Have you looked into the mechanics of this trade? The crypto loans I'm aware of are all significantly overcollateralized. You would have to pledge say 1m BTC to get 0.8m BTC worth of USDT which you could then sell for dollars. If you succeeded USDT tanks, everyone who holds USDT would be rushing for the exit, wiping out the crypto you pledged as collateral also. So you succeed in losing 20% of your money on the initial USDT trade and almost all of the value of the crypto assets you pledged for the loan as well.

These markets are nowhere near as flexible and liquid as regular fx - I would be amazed if you ended up making money overall on this kind of strategy and the execution risk is significant.

2 comments

> So you succeed in losing 20% of your money on the initial USDT trade

Presumably the value of Tether would drop much farther than the value of other crypto.

If USDT drops 90% and BTC drops 50% in USD terms, the BTC would gain value in USDT terms and your loan would be even more overcollateralized.

Then you could pay back your loan with USDT at ten cents on the dollar and make an absolute killing.

In this scenario, if USDT drops low enough, might you not have trouble actually procuring enough USDT to payback and unlock your BTC? It would seem like a sudden collapse of USDT might cause a complete stop in all trading of USDT pairs, no?

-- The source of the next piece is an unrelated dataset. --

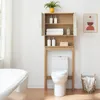 A bathroom scene with a toilet and a storage unit above it. Produktbild-Vorschau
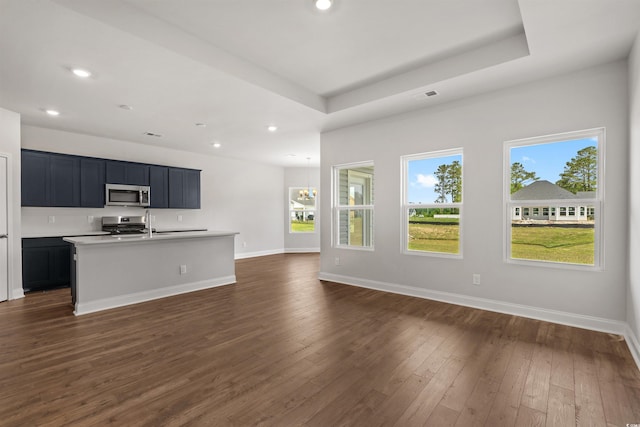 kitchen featuring open floor plan, visible vents, stainless steel appliances, and recessed lighting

I suppose you could counteract that a bit by continuing to hold a certain amount of USDT, but would the loan instrument still accept USDT as repayment if USDT becomes worthless?
> These markets are nowhere near as flexible and liquid as regular fx

Love to hear this.

Some facts to back this up.

1)In normal FX markets the amount transacted goes to trillions of USD per day, and liquidity at the touch is very high. So if you need to unwind a position there will be people who will take the other side and the market won't move much even if you're trying to unload a lot of a single cross.

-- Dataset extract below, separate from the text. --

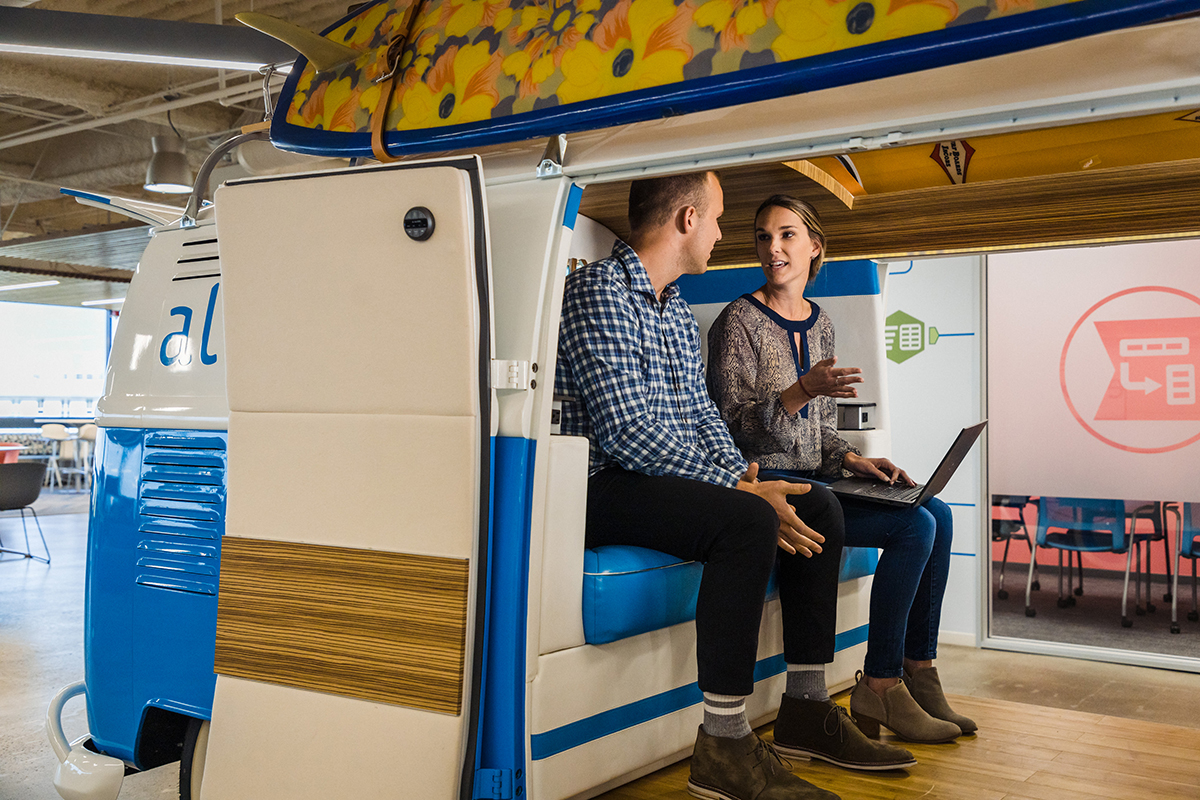Two Alteryx coworkers having a team huddle in a VW van in the office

2)In equity markets (which I'm a little more familiar with from a microstructure point of view) a single large market participant like a big broker/dealer will do more than a billion client orders on a busy day (when you add up the orders they do internally and all the child orders from executing trades in pieces). If you wanted to do a billion transactions on the ethereum blockchain at the current throughput it would take you almost 2 years, and no-one else would be able to do anything. So making a lot of trades fast isn't really possible.

Obviously chains like solana would help this a lot, but the point remains that in the current defi ecosystem markets aren't very resilient because they can't react as fast and they don't have the kind of depth of liquidity that conventional markets have.